From the line containing "t4cp001992AI生成素材" down to the final line of the entries below, quote every line verbatim. Exclude pictures.
Input Start Marker
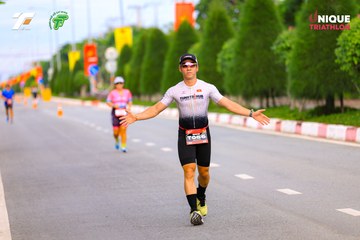 Ảnh sự kiện VIET NAM TRI FACTOR CHAMPIONSHIP x HO CHI MINH CITY CHAMPIONSHIP NĂM 2025 - af52a407fc60bddcd40b143f84735e0c.jpg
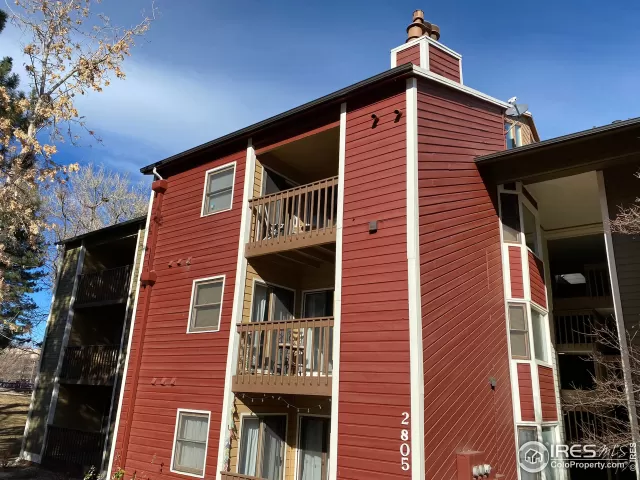 MLS: 957130 Condo For Sale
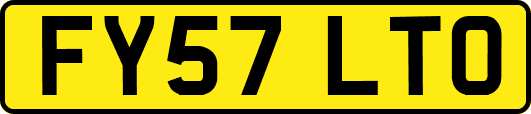 FY57LTO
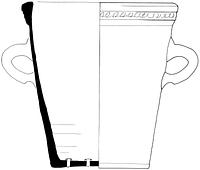 tekening - r-blo-10 - Nym91-Ei 120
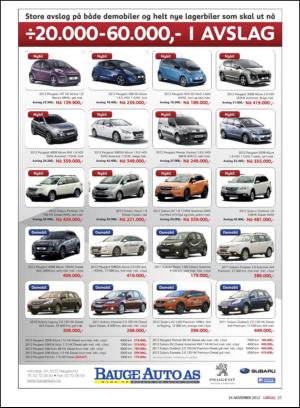 haugesundsavis_magasinet-20121124_000_00_00_027.pdf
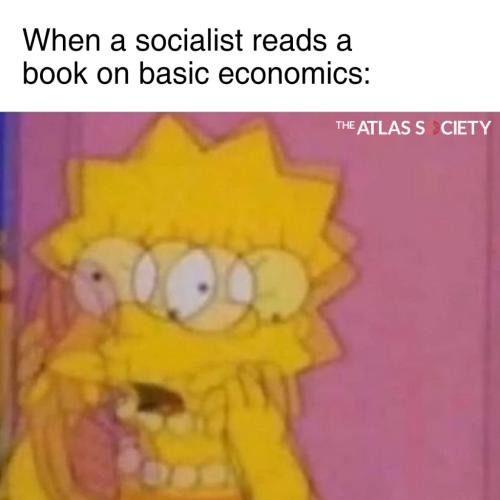 socialist lisa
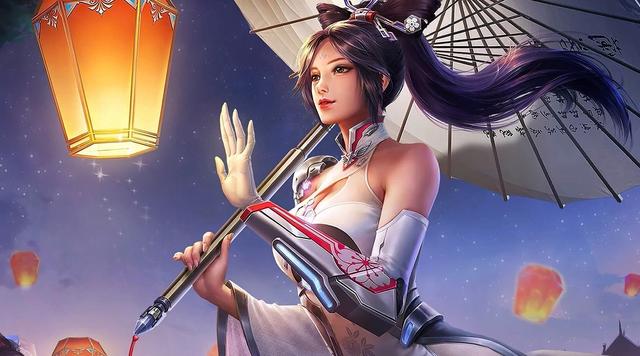 好看的美食文推荐，一本超好看的美食文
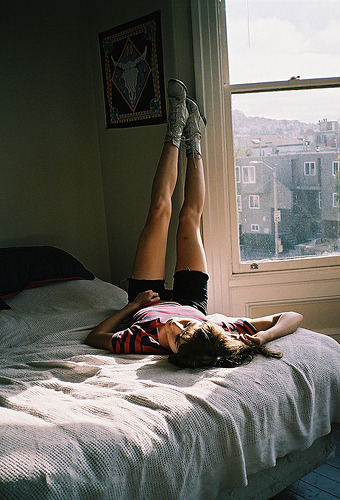 drowsybears:  (by TROY R HEWITT) 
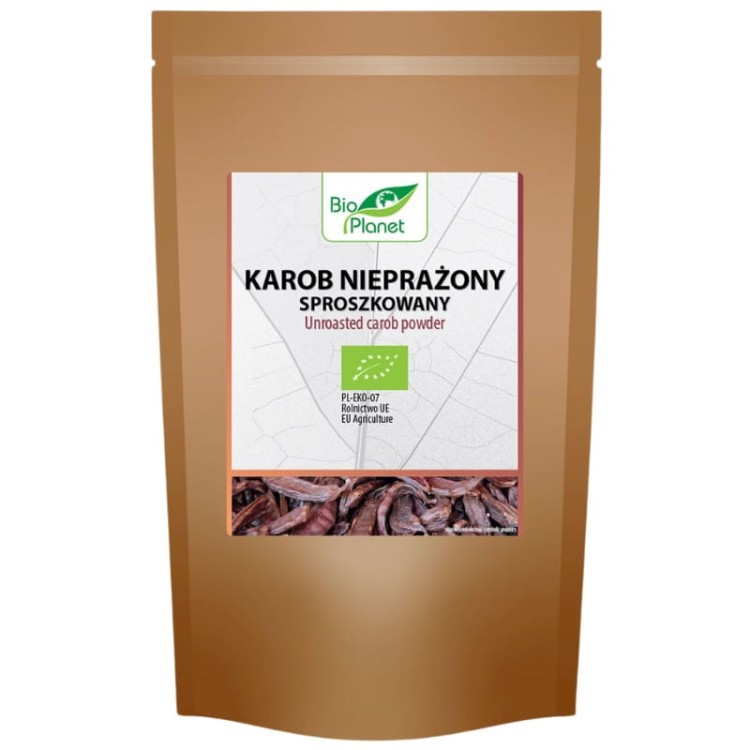 bio-planet-karob-nieprazony-bio-200g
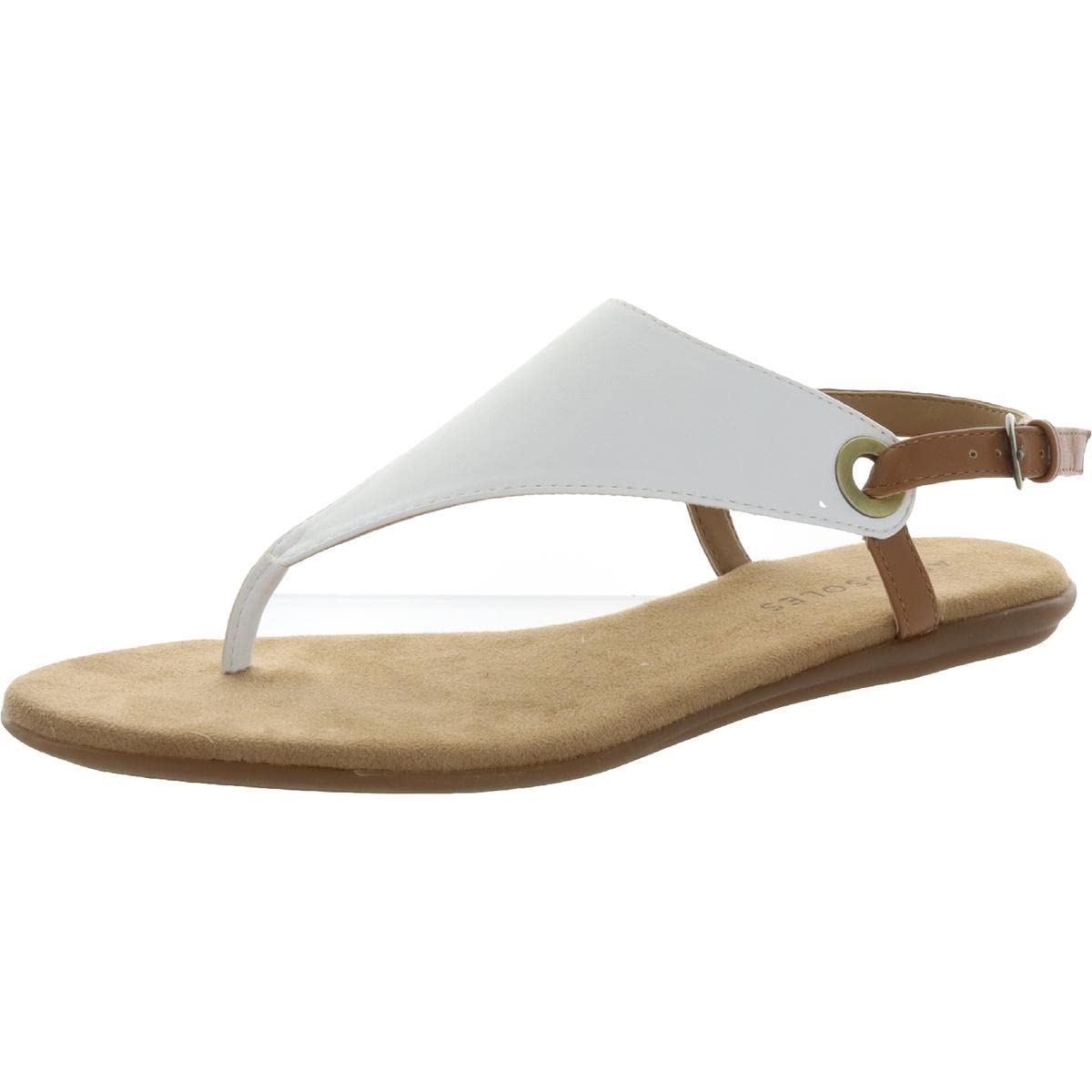 Aerosoles Sandals For Women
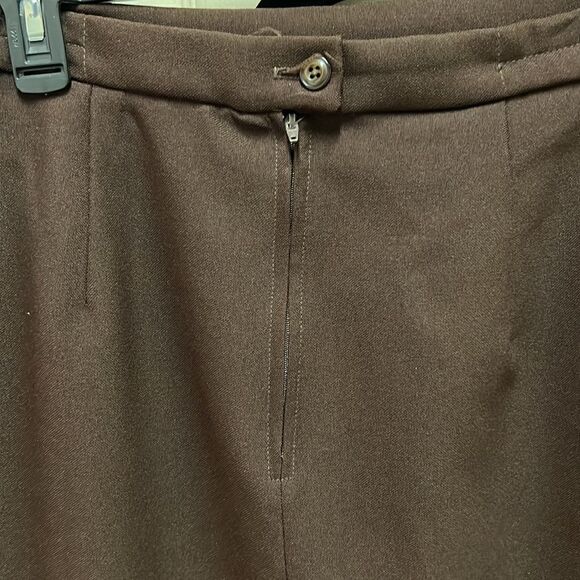 Pykettes pantsuit with interchangeable skirt - Picture 13 of 13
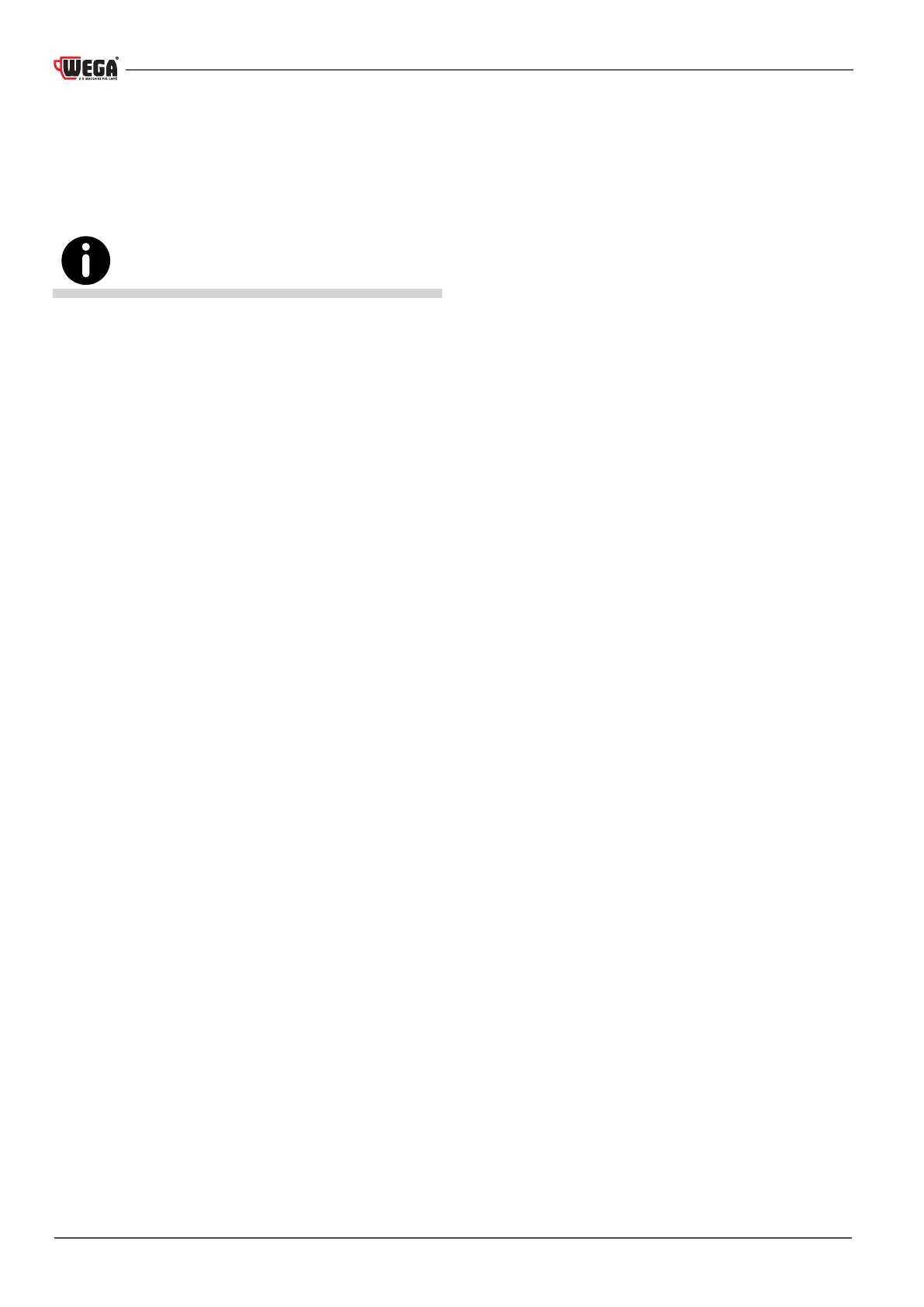 Page #90 background image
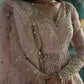 ANARKALI-D7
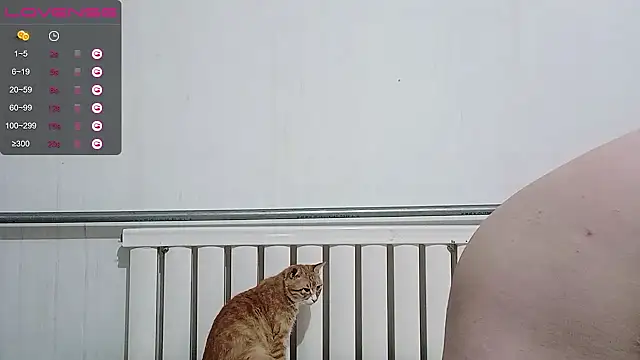 Snapshot of mimi-yangyang chatting on January 4, 5:37 pm mimi-yangyang online show from January 4, 5:37 pm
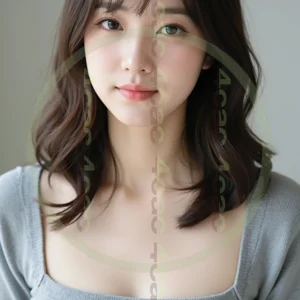 t4cp001992AI生成素材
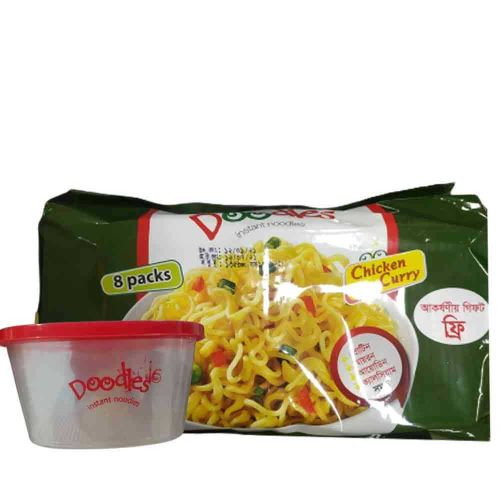 Doodles-Curry-Noodles-(Box-Free)20.jpg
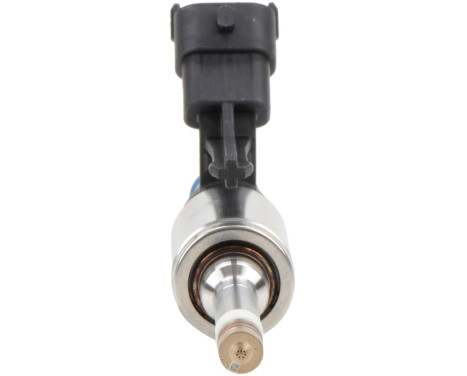 Injector/Atomizer HDEV-5-1 Bosch, Image 4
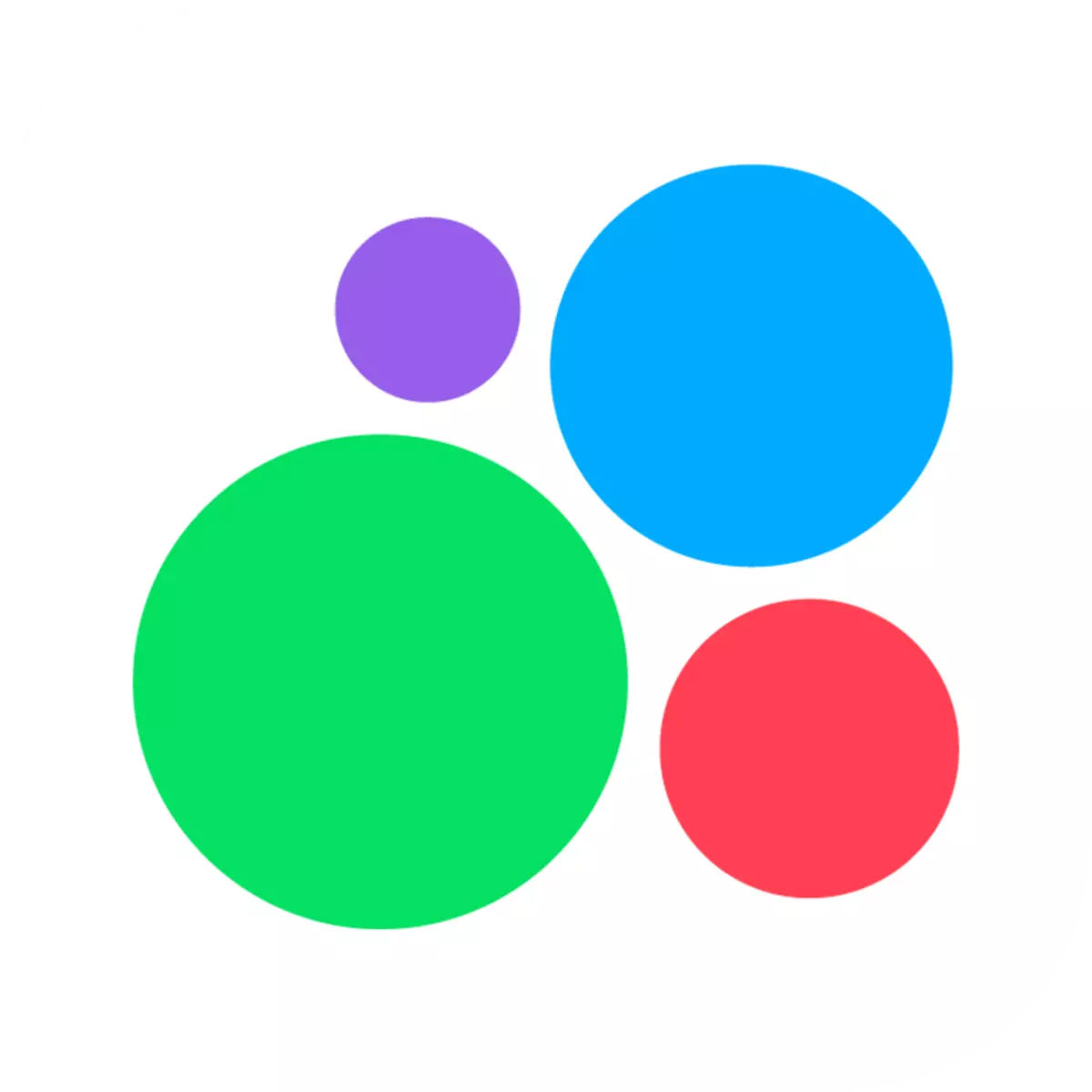 Изображение подборки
Input End Marker
Task answer =
 t4cp001992AI生成素材
 Doodles-Curry-Noodles-(Box-Free)20.jpg
 Injector/Atomizer HDEV-5-1 Bosch, Image 4
 Изображение подборки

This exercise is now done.